Project Description
Motivation
An Integrative Data Assimilation
for the Arctic System (IDAAS) has been recommended for development by a
special interagency research program “A Study of Environmental
Arctic Change“ (SEARCH, 2005). While existing operational
reanalyses assimilate only atmospheric measurements, an IDAAS activity
would include non-atmospheric components: sea ice, oceanic, terrestrial
geophysical and biogeochemical parameters and human dimensions data. The
IDAAS was recommended for development “because recent global
reanalyses of the atmosphere have received widespread use by the research
community and because they are regarded as one of the major success
stories of the past decade in atmospheric research” (SEARCH, 2005).
Atmospheric reanalysis products play a major role in the arctic system
studies and are used to force sea ice, ocean and terrestrial models, and
to analyze the climate system’s variability and to explain and
understand the interrelationships of the system’s components and
the causes of their change.
Motivated by this success and the major goals and recommendations
of SEARCH, we develop an integrated set of assimilation procedures for
the ice–ocean system that is able to provide gridded data sets that
are physically consistent and constrained to the observations of sea ice
and ocean parameters. Building on our past research activities in sea ice
and ocean data assimilation, we make some first steps toward the creation
of an Arctic Climate System Reanalysis that uses modern four-dimensional
variational (4D-Var, adjoint) data assimilation methods. We employ sea
ice and ocean models with new data assimilation procedures to maximize
the integration of model results with observations and thus attempt to
provide the arctic research community with complete and accurate data
sets, ultimately for at least the last three decades.
Goals
Our goals are to:
- Develop an
integrated set of assimilation procedures for the ice–ocean system
that is able to provide gridded data sets that are physically consistent
and constrained to match available observations of sea ice and ocean
parameters.
- Validate
the system performance, assess the quality of the major system products,
and provide the community with gridded sea ice and ocean parameters for
three approximately seven-year periods characterizing different arctic
climate states.
- Investigate
arctic system variability and the processes important for causing the
observed changes based on the reanalysis products.

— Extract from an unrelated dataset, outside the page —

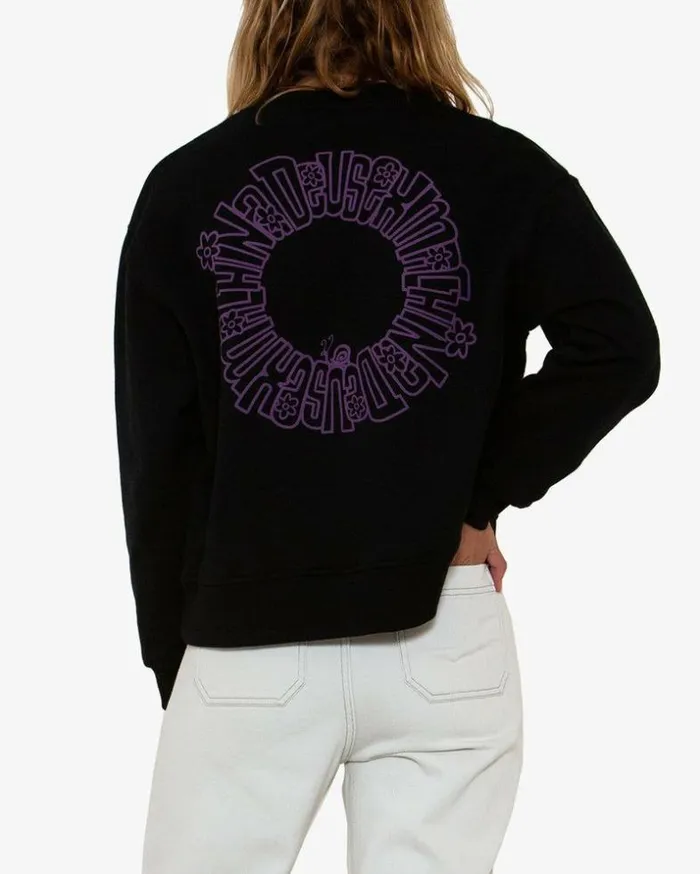 Womens Deus Ex Machina Sweaters Idle DXW Crew 8211 Phantom Black Phantom Black Womens Deus Ex Machina Sweaters Idle DXW Crew 8211 Phantom Black Phantom Black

Team/instruments/experiences
Polar Science Center team (Lindsay and Zhang) has already
accomplished an extensive reanalysis of the ice–ocean system using
data assimilation methods for ice concentration and ice velocity (Zhang et al., 2003; Lindsay and Zhang, 2005, 2006)
spanning the period 1978–2007. The coupled ice–ocean model
they have used is the Pan-Arctic Ice-Ocean Modeling and Assimilation System (PIOMAS). However, the assimilation methods were
based on optimal interpolation of model results and observations. These sequential techniques are
not entirely consistent with the physics represented in the model. A more physically consistent
method is the 4D-Var approach, which may be used to adjust initial and
boundary conditions, or model parameters in a manner that is entirely
consistent with the model physics and in a manner that optimizes the fit
of the model results with observations (Wunsch, 1996).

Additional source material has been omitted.